Operators and Expressions

Otherwise

The otherwise operator has two operands. The value of the first operand will be returned only if non-empty; otherwise, the value of the second operand will be returned. The expression…
$value otherwise $fallback
…is equivalent to:
if (exists($value)) then $value else $fallback
The operator can also be chained:
$node/(@full-name otherwise @name otherwise @id)

Pipeline Operator

The pipeline operator -> evaluates an expression and binds the result to the context value before evaluating another expression. It can be used to easily chain multiple expressions that would otherwise be expressed with verbose FLWOR expressions. Examples:

Tokenizes a string, counts the tokens, creates a concatenated string and returns count=3:

'a b c' -> tokenize(.) -> count(.) -> concat('count=', .)

Calculates the sum of powers of 2 and returns 2046:

(1 to 10) ! math:pow(2, .) -> sum(.)

Reduces a long sequence to at most 9 elements, with dots appended, and returns a single string:

$dictionary/word
-> (if(count(.) < 10) then . else (.[1 to 9], '…'))
-> string-join(., '; ')

Mapping Arrow

The mapping arrow operator =!> complements the XQuery 3.1 arrow operator =>. It applies a function to each item in a sequence. In the following example, an input string is tokenized, the strings are replaced by an integer indicating the string length, and the resulting tokens are concatenated as string:
'You never know'
=> tokenize()
=!> string-length()
=> string-join(', ')
The result is:
3, 5, 4

Maps and Arrays

Map Order

Unlike in the past, map entries will retain the order in which they are inserted into a map. The order is preserved when creating maps with the Map Constructor, with map:build, map:merge, or map:of-pairs. If map:put is used, new entries will be appended to the existing entries. The order gets visible when a map is serialized, or when iterating over its entries:
map:for-each(
  { 3: 'three', 2: 'two', 1: 'one' },
  fn($k, $v) { $k || ': ' || $v }
)
…returns:
3: three
2: two
1: one
Note that, due to backward-compatibility, fn:deep-equal ignores the order. The following query returns true:
deep-equal(
  { 3: 'three', 2: 'two', 1: 'one' },
  { 1: 'one', 2: 'two', 3: 'three' }
)

Map Constructors

The keyword map in map constructors has become optional. The following expressions return the same map:
{ 1: 'one', 2: 'two' }
map { 1: 'one', 2: 'two' }
Note that the new syntax is similar to the JSON syntax. However, it is not identical, and it is more powerful because you can include arbitrary expressions that are evaluated when the map is generated. For example, you can use variables and arbitrary complex expressions to create the keys and values:
let $xml := document {
  <text>
    <line>Hi there</line>
    <line>Bye there</line>
  </text>
}
for $line at $pos in $xml//line
return { $pos: data($line) }

Map and Array Filter

Added:

Maps and arrays can be filtered with the syntax EXPR?[PREDICATE]:

Map Filter

If EXPR yields an map, PREDICATE is evaluated for each pair of the map, represented as { 'key': KEY, 'value': VALUE }. Again, the result is a map containing those entries for which the predicate returns true.

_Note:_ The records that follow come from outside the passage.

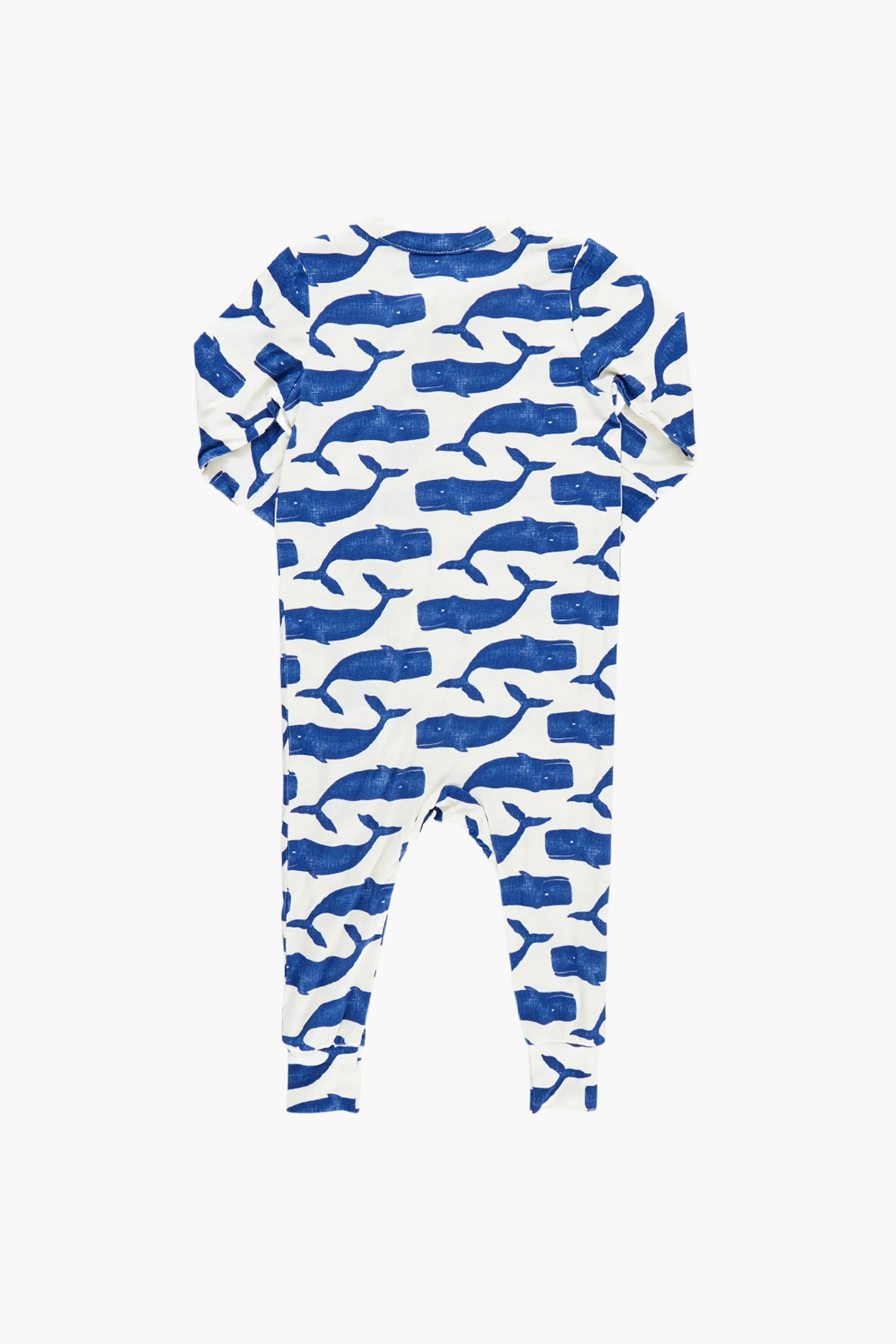 Blue Whales Baby Bamboo Romper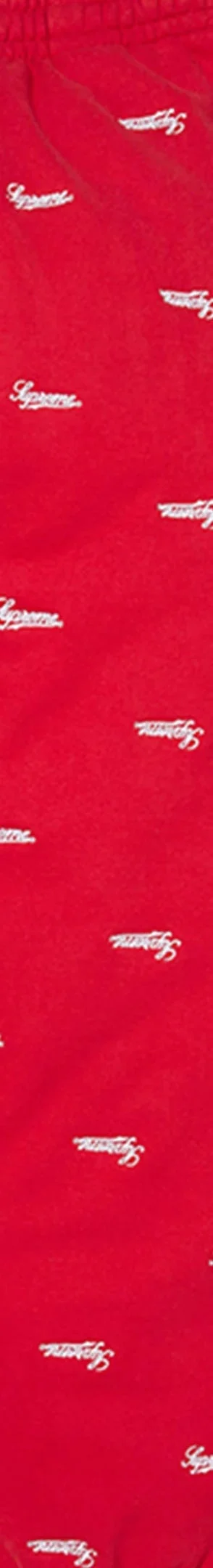 Supreme Repeat Script Sweatpant - Red (front)
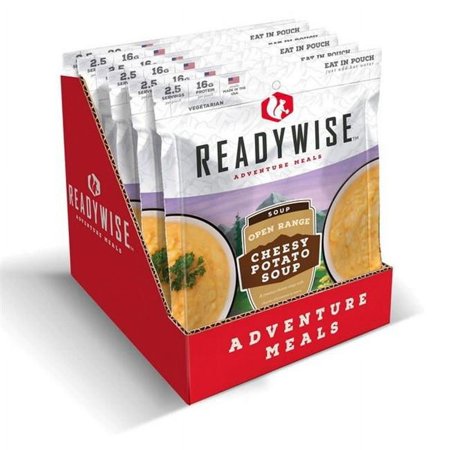 ReadyWise  8 x 11.25 x 9.75 in. Open Range Cheesy Potato Soup - 6 Count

The following example returns { 1: 'one' }:

{ 1: 'one', 2: 'two', 3: 'three' }?[?key = 1]

The following example creates a map with 12 entries and returns { 'jul', 7: 'aug': 8 }, i.e., a map with all entries whose key contains u and whose value is greater than 6:

let $map := map:build(
  tokenize('jan feb mar apr may jun jul aug sep oct nov dec'),
  fn($value, $pos) { $value },
  fn($value, $pos) { $pos }
)
return $map?[contains(?key, 'u') and ?value > 6]

Array Filter

If EXPR yields an array, PREDICATE is evaluated for each member of the array. The result is an array containing those members for which the predicate returns true.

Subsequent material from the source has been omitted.